The good news is that California is “drying out” from its addiction to Federal Stimulus monies, which end this month. However, the state’s addiction to bonds, one-time capital gains taxes and underfunded retiree health benefits continues despite Gov. Jerry Brown’s insistence that he would not sign a state budget balanced with gimmicks (one-time revenues and non-taxes).
Did you know that the California government is operating on $11 billion of authorized but unspent general obligation bonds?

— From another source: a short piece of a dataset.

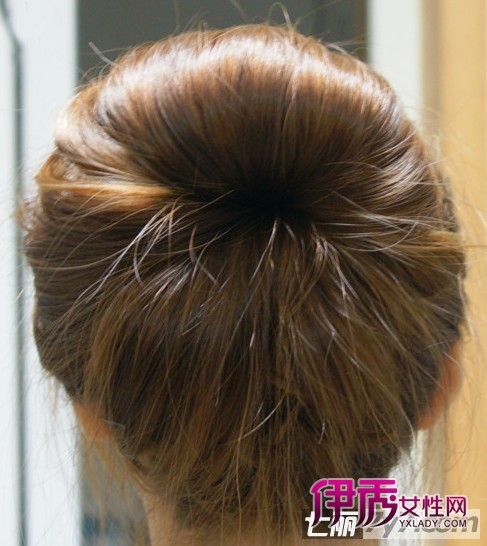 韩式花苞<em>丸子头</em>的<em>扎法</em>图解 五步打造俏丽可爱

Jerry Brown didn’t tell you that when he announced his May Revise Budget with $6.6 billion of supposedly unexpected new tax revenues, mainly from a one-time burst of capital gains taxes from April income tax filings by investors selling stocks and real estate.
State Assemblywoman Diane Harkey (R-Dana Point) has blown the whistle that California has “pre-funded” $11 billion in bonded debt issued but not spent, for which we are paying hundreds of millions annually. In other words, if it were not for plugging $11 billion of the state budget with pre-funded bonds, there would still be a $20.6 billion budget deficit instead of the $9.6 deficit being advertised after the Governor’s May Revise Budget. Brown is still trying to mend a patchwork budget.
The term “pre-funded” is a euphemism for “arbitraging” or taking out a low interest loan to pay for state operations. Arbitraging tax-exempt bonds — by investing bond proceeds in higher yielding taxable investments resulting in a profit — is illegal, except with a small percentage of bond funds under very strict rules.